Pemuda berkacamata itu menggeleng dengan posisi yang masih sama seperti tadi, terduduk di ranjangnya, "aku sedang belajar untuk ulangan besok, Mam."

Wanita paruh baya yang statusnya adalah ibu dari Marcus pun hanya bisa menghela nafasnya. Mengapa anaknya ini terlalu fokus mendapatkan nilai tinggi? Toh, dirinya dan suaminya tidak pernah meminta anaknya untuk belajar terus-menerus. Dirinya ingin Marcus seperti remaja lain, menikmati masa remaja bersama teman-teman contohnya. Ini jangankan main bersama teman, keluar rumah saja jarang. Paling pemuda berkacamata ini hanya akan keluar untuk sekolah, ke perpustakaan kota, dan pergi ke warung jika Mama nya menyuruh.

"Cukup, Ryan Marcus. Nanti bisa belajar lagi, ayo ikut Mama," ujar Mamanya dengan menarik ujung lengan Marcus hingga ia mulai melepas buku di genggamannya.

"Seberapa penting tetangga itu, Ma?" tanya Marcus polos.

"Astaga, Sayang. Mama hanya ingin kamu bersosialisasi, sedikit saja. Bisa?" Marcus menghela nafas lalu mengangguk pelan. Dirinya terpaksa mengikuti Mamanya.

Selamat tinggal buku dan pena kesayanganku.

.

.
.


Kacamata nya ia benarkan untuk mengusir rasa canggung dalam dirinya. Pemuda itu hanya bisa melihat sekeliling ruang tamu itu, Mamanya masih sibuk mengobrol. Oh demi apapun! Hal ini benar-benar membosankan, lebih baik membaca buku berjam-jam di dalam kamar sana daripada mendengarkan kedua wanita paruh baya itu bergosip.

"Namanya Marcus, ya?" ujar wanita tetangga barunya. Pemuda berkacamata itu mengangguk kaku sembari tersenyum tipis.

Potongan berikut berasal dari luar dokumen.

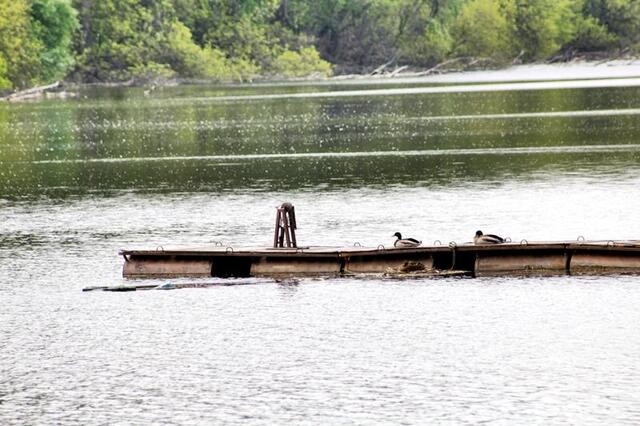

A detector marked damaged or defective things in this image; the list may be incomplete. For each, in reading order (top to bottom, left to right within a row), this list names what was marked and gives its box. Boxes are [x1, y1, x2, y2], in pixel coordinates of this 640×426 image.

rusty metal post [272, 202, 298, 248]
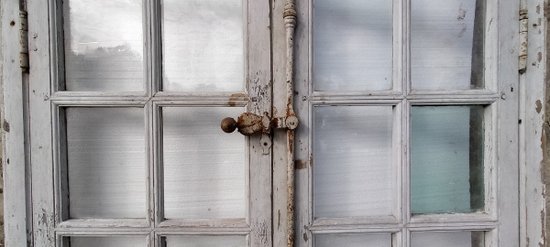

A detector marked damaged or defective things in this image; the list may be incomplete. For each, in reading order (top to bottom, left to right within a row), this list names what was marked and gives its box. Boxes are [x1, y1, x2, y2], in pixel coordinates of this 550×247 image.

rusty door knob [221, 117, 238, 133]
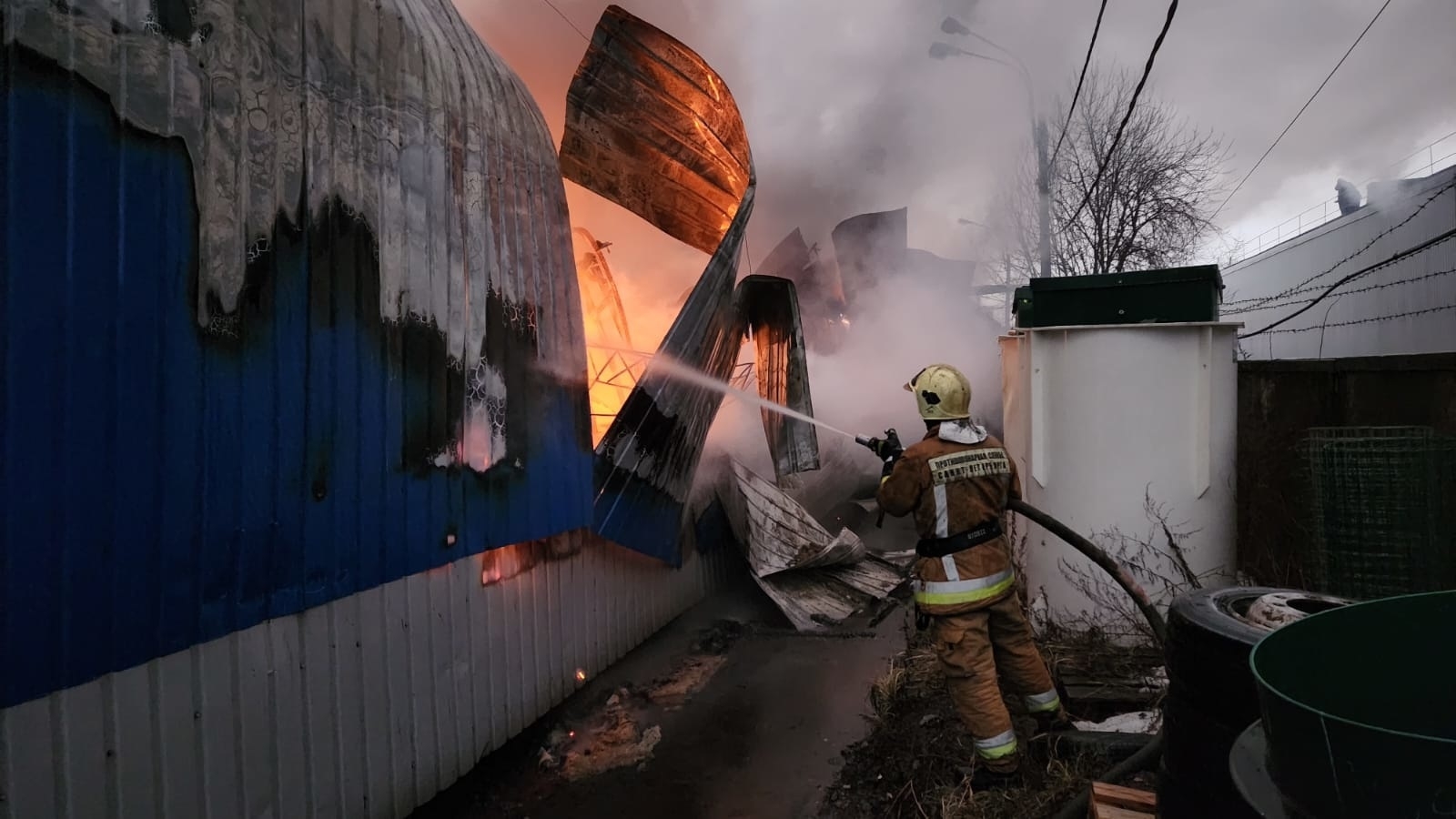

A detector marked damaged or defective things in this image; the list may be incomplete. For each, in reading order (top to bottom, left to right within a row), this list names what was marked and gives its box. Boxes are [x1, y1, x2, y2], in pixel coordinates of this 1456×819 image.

charred metal panel [1, 0, 591, 708]
rusted metal sheet [556, 3, 757, 559]
charred metal panel [559, 5, 757, 559]
charred metal panel [739, 274, 821, 478]
rusted metal sheet [739, 274, 821, 478]
rusted metal sheet [713, 460, 903, 623]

"Dia baru masuk SMA." Mama Tesha menambah kekehan kecil di akhir kalimatnya. Sang anak hanya bisa menggaruk tengkuknya yang tidak gatal itu.

"Ku dengar kau punya anak perempuan? Selisih berapa tahun dengan anakku?" sambung Mama nya.

"Kelas tiga SMP. Dia masih kecil, sangat manja dan juga cerewet. Tetapi senyuman nya bisa menghibur semua orang." Kedua wanita itu terkekeh lagi. Entah apa yang lucu dari percakapan itu, Marcus amat tidak paham. Materi pembicaraan ibu-ibu tidak ada di sekolah nya. Jadi sulit sekali untuk memahaminya.

Setelah beberapa menit pembicaraan itu berlalu, tetangga barunya itu baru mengajak Marcus berbicara.

"Anakku sedang ada di kamar. Masuk saja kalau mau main." Wanita itu tersenyum lebar. Siapa tau anak mereka itu bisa berteman dengan baik, 'kan?

Pemuda berkacamata itu membalas senyumnya canggung. Sedangkan, Mama Maya mengangguk seru, wanita paruh baya itu setuju jika Marcus mau bermain bersama anak dari tetangga barunya ini.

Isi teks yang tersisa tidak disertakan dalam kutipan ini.